Threats to Kenya’s cybersecurity landscape are becoming increasingly complex, with system attacks and brute force attempts driving a record-breaking 2.5 billion cyber threat detections between January and March this year, according to a new government report.
- •The data, published by the National Kenya Computer Incident Response Team Coordination Centre (KE-CIRT/CC), reveals a 201.85% increase in cyber threat events from the previous quarter.
- •System-based attacks accounted for the overwhelming majority, with more than 2.47 billion detections, followed by Bruce Force Attacks at 33.8 million detections, and Malware attacks at 24.55 million detections.

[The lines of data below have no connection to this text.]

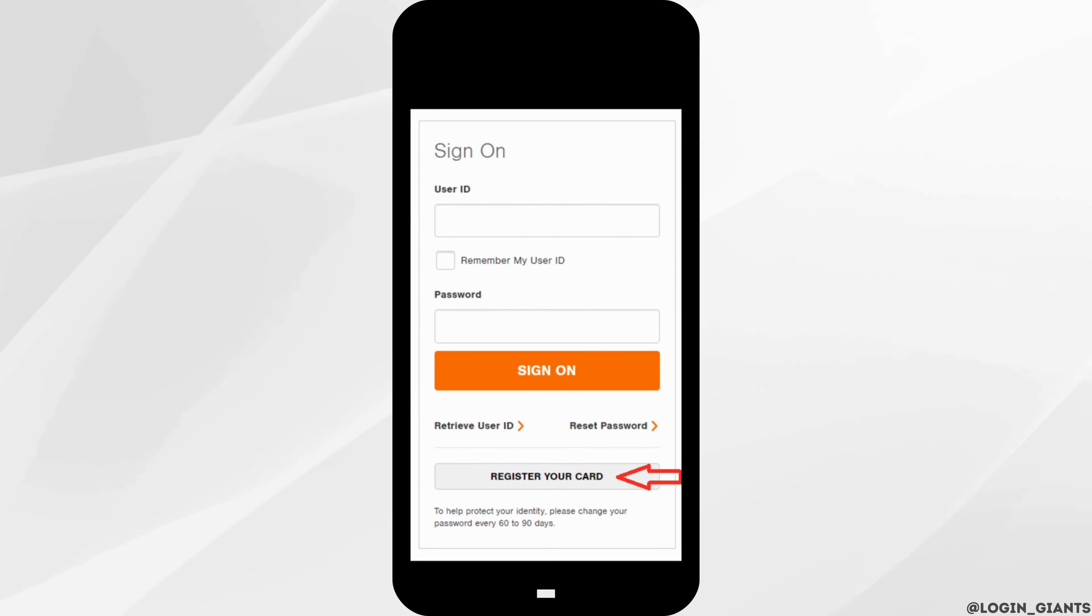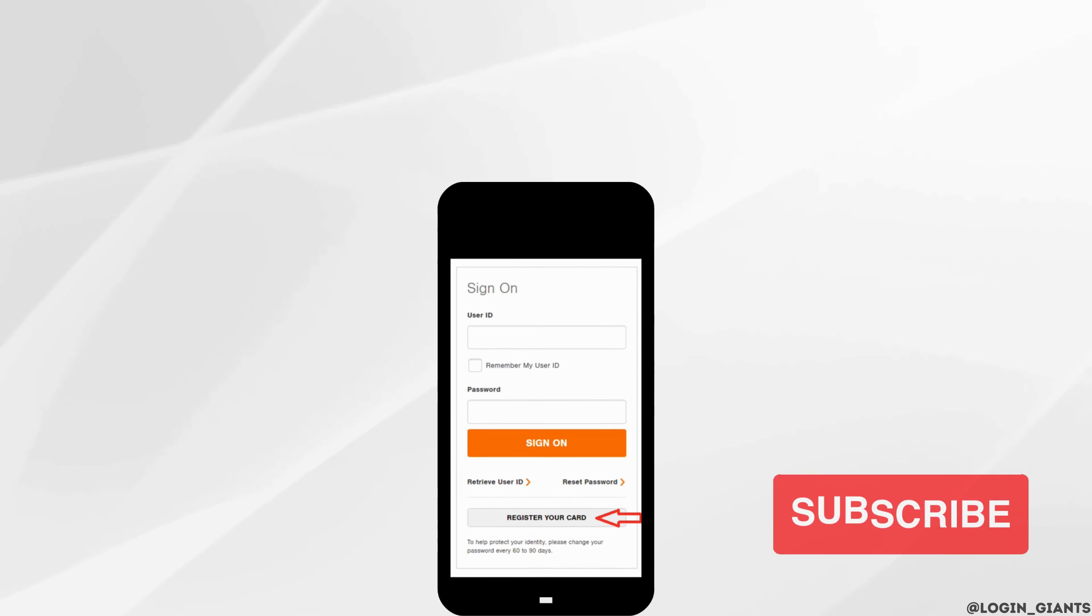Once you have entered your user ID and the password, tap on sign on. And then you'll be successfully logged into your Home Depot credit card, and you'll be good to go.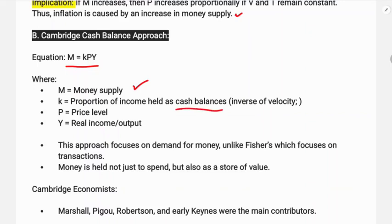In the equation M = kPY: M is money supply, k is the proportion of income held as cash — that is, the proportion of income people want to hold as cash balances — P is the price level, and Y is real income or output. This approach recognizes money's function as a store of value, not just for transactions.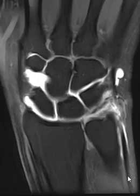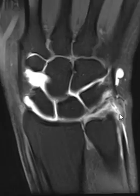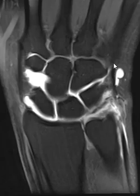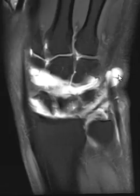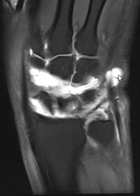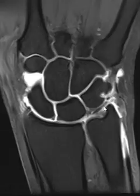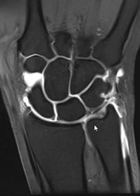Some of the contrast even comes up around the distal part of this ECU tendon. The extensor carpi ulnaris tendon comes up here and attaches distally at the base of the fifth metacarpal. We'll see on the axial images just a little bit of fluid over the top of that. So again, this is a large extensive tear involving all parts of the triangular fibrocartilage.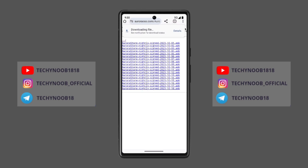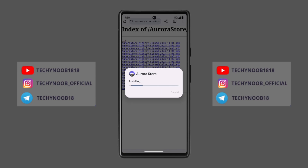Now choose the version you want to install. Once you have downloaded the Aurora Store APK file, you need to install the app on your device. Once the Aurora Store app is installed, you can open it and start browsing and installing apps.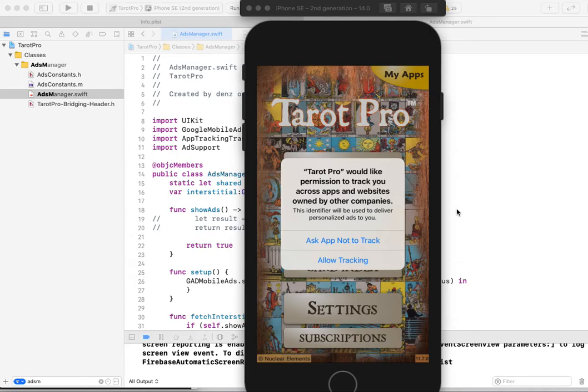iOS 14 brings some new features, but also brings some new limitations.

- •These attacks were largely enabled by misconfigured systems, outdated software, and the proliferation of insecure IoT devices.
“These ongoing global trends are largely driven by the rapid growth of Internet of Things (IoT) devices, which often lack comprehensive security features. Additionally, the continued widespread utilisation of botnets and other DDoS attack techniques have also contributed significantly to these trends. Botnets remain a key tool for malicious actors due to their decentralised structure, making them highly effective for large-scale attacks,” David Mugonyi, the CEO of the Communications Authority of Kenya (CA), said.
The report also highlights a rise in targeted exploitations of high-profile vulnerabilities, including FortiManager’s missing authentication bug (CVE-2024-47575) and a zero-day flaw in Windows’ Common Log File System (CVE-2024-49138). Both issues were being used by hackers before the companies fixed them, highlighting how even trusted systems can have dangerous security gaps.
Meanwhile, brute force attacks and web application exploits surged, as cyber criminals increasingly pursued login credentials and server access through credential stuffing and software injection techniques.
DDoS attacks saw a 75.63% decline, a drop attributed to improved mitigation protocols across government and health institutions. Yet the report warns that the growing availability of DDoS-as-a-Service—sometimes priced as low as US$5 per hour— predicting future surges likely.
Artificial intelligence also featured heavily in the report, both as a tool for attackers — by enhancing phishing campaigns and deep fake scams — and as a vital defensive layer for institutions that have implemented AI-driven threat detection and response systems.
The report states that 13.2 million cyber threat advisories were issued by KE-CIRT/CC during the quarter, a 14% increase from the previous period. The agency emphasized the need for organisations to adopt zero-trust frameworks, enforce strong access controls, and invest in cyber security training for staff.
“As the digital landscape evolves, so must our cyber defences. Let this year be one of increased awareness, collaboration and resilience in the face of emerging and persistent cyber threats,” Mugonyi added.
With Kenya pushing ahead on its digital transformation agenda, the report serves as a stark reminder that the faster the country goes digital, the more exposed its infrastructure becomes. KE-CIRT/CC’s recommendations include strengthening public-private collaboration, accelerating the application of patches that fix security flaws or bugs, and increasing funding for capacity building.